Izabela Kovalevskaja, vitrailliste, Lituanie
Izabela était tatoueuse, ses bras en témoignent encore. Mais elle voulait aller «au-delà» de cette pratique, amener de la couleur, de la lumière. Alors, elle s’est tournée vers le vitrail, un art qui était très répandu en Lituanie. Mais un art en voie de disparition depuis le retrait de l’Union soviétique et l’indépendance du pays. Un seul lieu encore où apprendre, quatre élèves seulement. Si Izabela utilise toutes les techniques traditionnelles dans la réalisation de ses vitraux, elle y apporte un imaginaire qui mélange son passé de tatoueuse et sa fascination pour le Moyen-Age. De quoi revigorer profondément cet artisanat en voie d’oubli.

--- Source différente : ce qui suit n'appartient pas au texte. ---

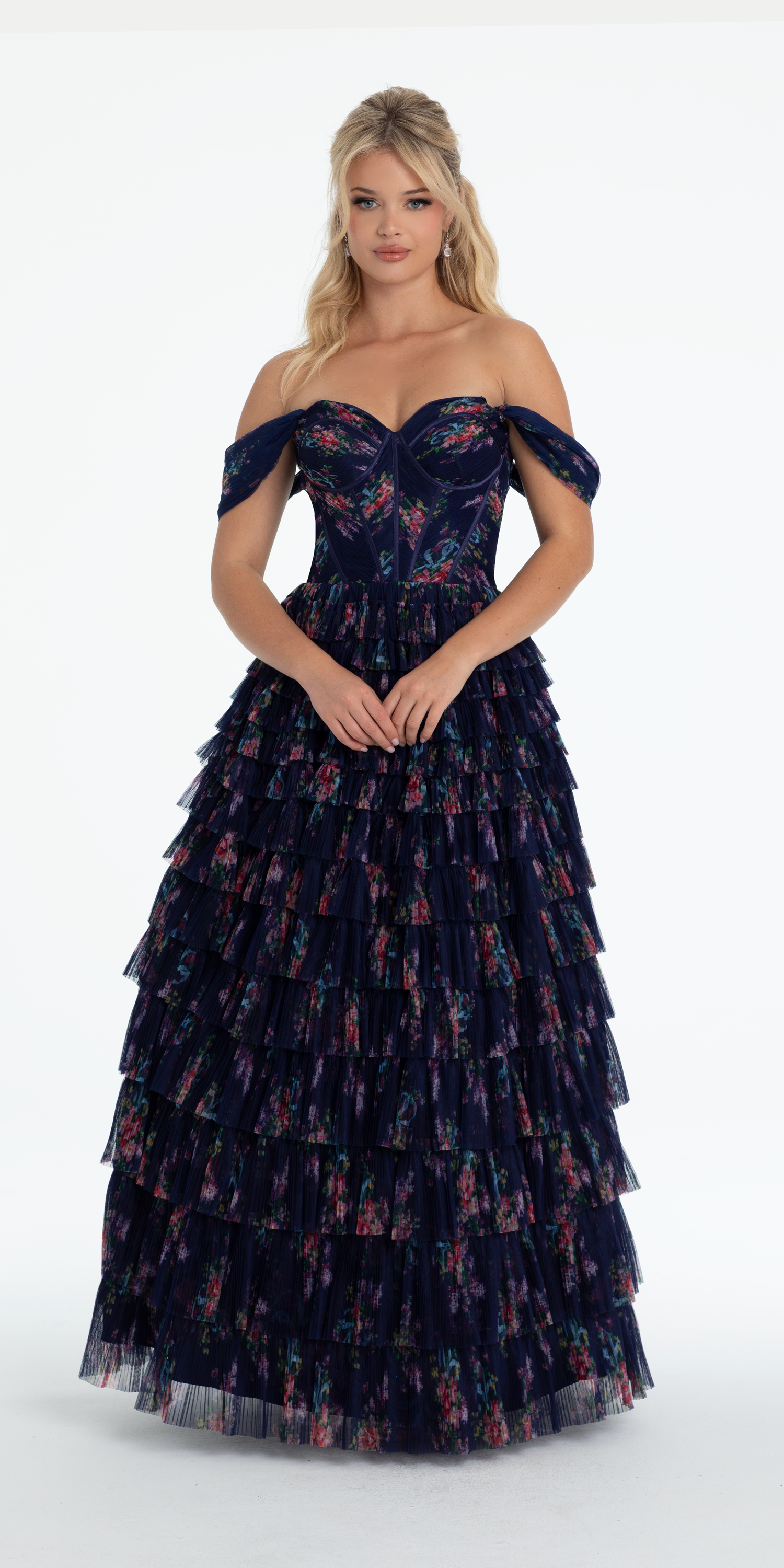 Corset Prom Dresses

Daniel López-Obrero, graveur sur cuir, Espagne
Cordoue est le seul endroit au monde où se pratique la gravure en relief sur cuir, qui porte le nom de la ville. Le «cuir de Cordoue» n’est pas né là par hasard. Comme l‘explique Daniel López Obrero, il est né de la rencontre de trois civilisations: chrétienne, juive et musulmane. Un atelier de cuir qu’il connaissait depuis son enfance allait fermer. Contre l’avis de ses parents, il décide de le reprendre, de tout apprendre et de se lancer. Aujourd’hui, de ce même atelier qui devait disparaître, sortent des merveilles qui continuent à raconter la singulière histoire de cette ville au croisement de toutes les influences de la Méditerranée.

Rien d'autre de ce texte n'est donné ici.